We can recompute the range of j when we find a palindrome product.This should be faster.
The above solution will work perfectly fine but we will have issue ONLY when we try to find-out what are those 2 numbers (i = 913 and j = 993)
I will just modify the solution proposed by Azder
int max = 0;
int no1 = 0;
int no2 = 0;
// not using i >= 100 since 100*100 is not palindrome! :)
for (var i = 999; i > 100; i--) {
// because i * j === j * i, no need of both i and j
// to count down from 999
for (var j = i; j > 100; j--) {
var mul = j * i;
if (isPalin(mul)) {
if ((i+j) > max) {
max = i+j;
no1 = i; no2 = j;
}
}
}
}
//Now we can get the 2 numbers (no1=993 and no2=913)
return (no1*no2);
This is how I did it. I used the old fashioned way to check for a palindrome. It appears to run faster on my computer but I may be wrong. Pushing to an array, as in the above post, was definitely very slow on my computer. Noticeable lag at the console. I would recommend just checking to see if your product is greater than your current max, if it is, store that instead of pushing everything to an array. Please feel free to correct me if I'm wrong. Much appreciated.
//should find the largest palindrome made from the product of two 3 digit numbers
var largestPalindrome = function() {
var max = 0,
product = 0;
for (var num1 = 999; num1 >= 100; num1--) {
for (var num2 = 999; num2 >= 100; num2--) {
product = num1 * num2;
product > max && isPalindrome(product.toString()) ? max = product : 0;
}
}
return max;
};
//check to see if product is a palindrome
var isPalindrome = function(product) {
var palindromeCheck = true;
for (var i = 0; i < product.length / 2; i++) {
if (product[i] != product[product.length - i - 1])
palindromeCheck = false;
}
return palindromeCheck;
//return product === product.split("").reverse().join("");
};
I think you can go for code given at this link
http://www.mathblog.dk/project-euler-problem-4/
As this save your CPU cycle from multiplication, which is quite costly operation.
Well even in this you can make some more to make to make it more like, you can modify its while loop a bit
while (!found) {
firstHalf--;
palin = makePalindrome(firstHalf);
for (int i = 999; i > 99; i--) {
if ((palin / i) > 999 || i*i < palin) {
break;
}
if ((palin % i == 0)) {
found = true;
factors[0] = palin / i;
factors[1] = i;
break;
}
}
}
So here instead of moving from i=999 : 100, we can write it as i=sqrt(palin):100, as you can find factorial of number within its square root. Refer link How to find Number is prime number or not!
And also you can change if(condition) to if(!(palin%i)) as comparing with zero is usually not considered a good practice also comparing takes more CPU cycle compared to your simple negating bits.
instead of creating an Array or ArrayList to store all palindromes, I just created another variable max and stored highest valued palindrome in it.

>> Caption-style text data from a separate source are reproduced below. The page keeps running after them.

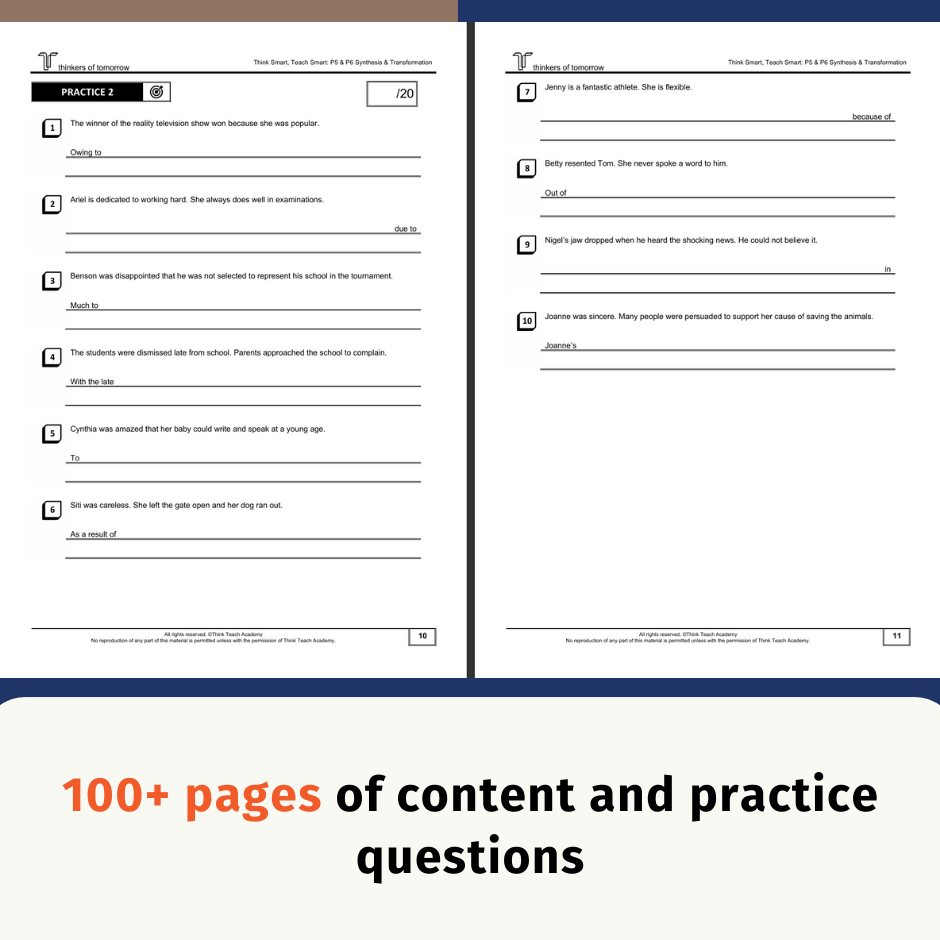 A digital preview of a printable educational worksheet set showing two pages of English S&T practice questions, with a large promotional banner at the bottom reading '100+ pages of content and practice questions'.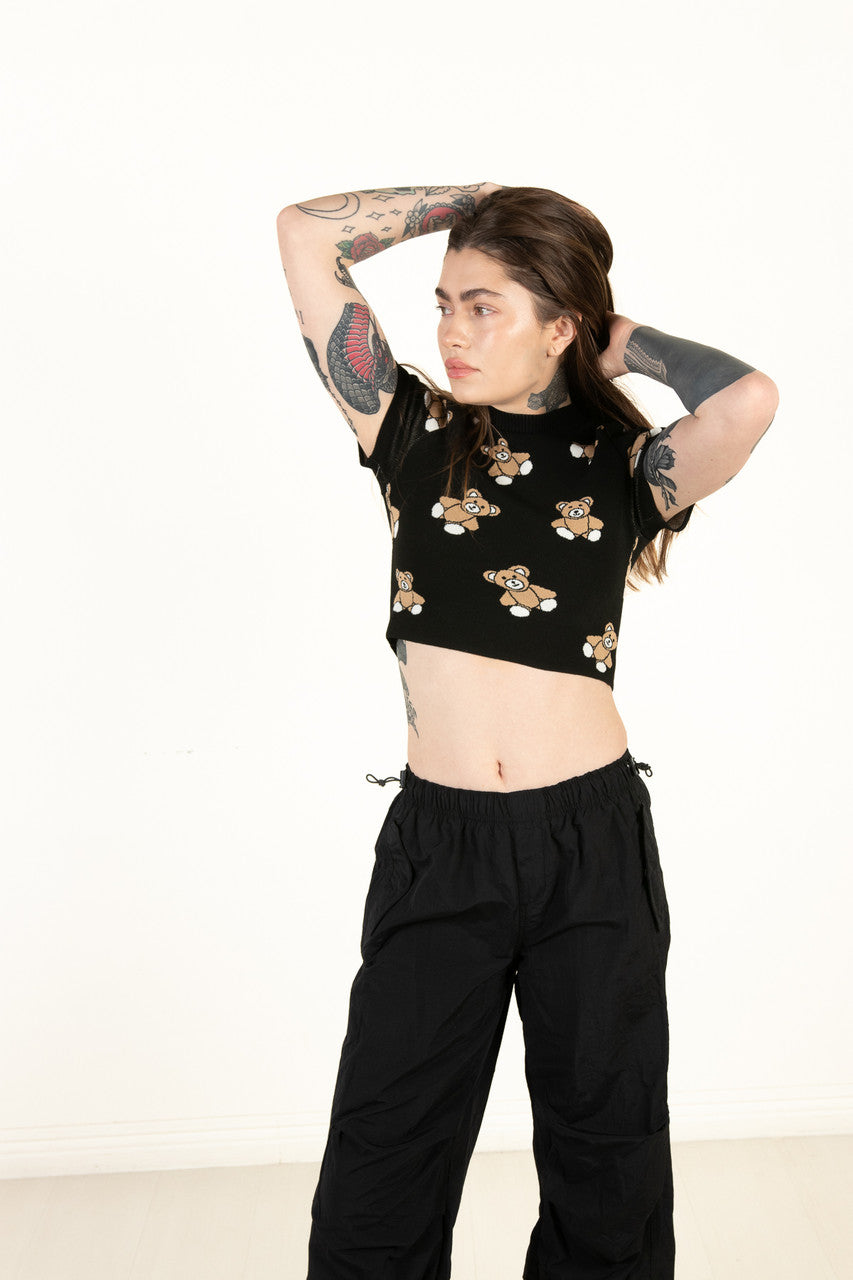 Black Short Sleeve Teddy Bear Sweater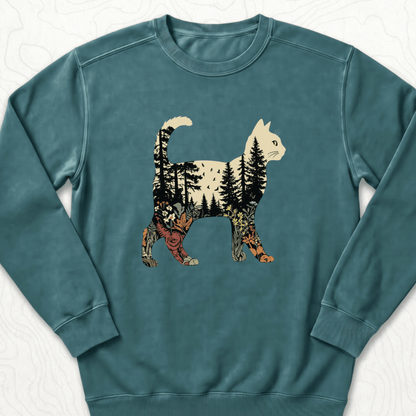 Forest Cat Silhouette Sweatshirt - Blue Spruce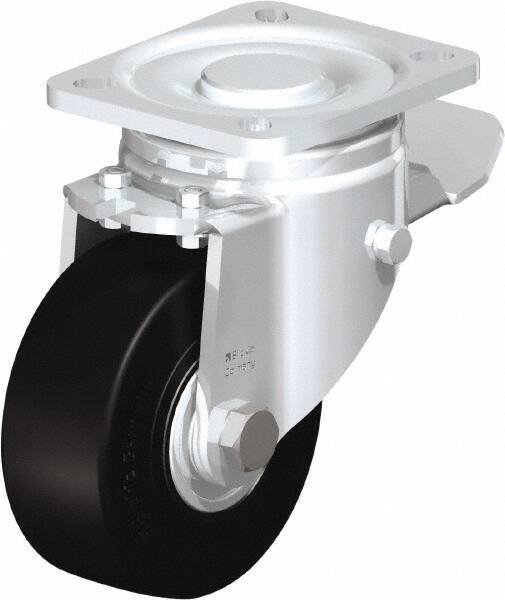 Blickle - 4" Diam x 1-49/64" Wide x 5-33/64" OAH Top Plate Mount Swivel Caster with Brake - Solid Rubber, 594 Lb Capacity, Ball Bearing, 3-15/16 x 3-3/8" Plate - Apex Tool & Supply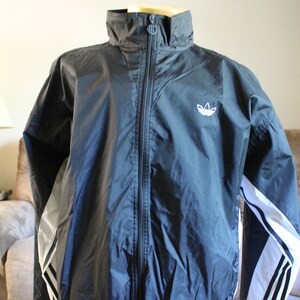Vintage Adidas Trefoil Windbreaker Jacket Full Zip Up Black White Large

My code is in Java, but you can understand the logic from it.
Here is my code to better explain what I said (read comments):
package euler;
import java.util.ArrayList; import java.util.Collections;
public class Problem4 {
public static void main (String[] args)
{
int product=0;
int max=0;
for(int i=999;i>100;i--)
{
for (int j=i;j>100;j--)
{
product=i*j;
if(isPalindrome(product))
{
//Just store maximum value of product.
//Following if loop is required in your code,in place of return i*j;
if(product>max)
{ max=product; }
}
}
}
System.out.println(max);
}
//might be inefficient to create StringBuilder and again String to compare.
public static boolean isPalindrome(int product)
{
boolean isPalindrome=false;
StringBuilder temp = new StringBuilder(Integer.toString(product)).reverse();
if(temp.toString().equals(Integer.toString(product)))
{
isPalindrome=true;
}
return isPalindrome;
}
}
What you are doing is returning and breaking out of the loop as soon as you get the first palindrome. Which in your case is not the maximum value palindrome.
Instead use an if condition and keep a track of maximum values and let the loop continue till end.
I have added the if condition that lets the loop running and registers the value.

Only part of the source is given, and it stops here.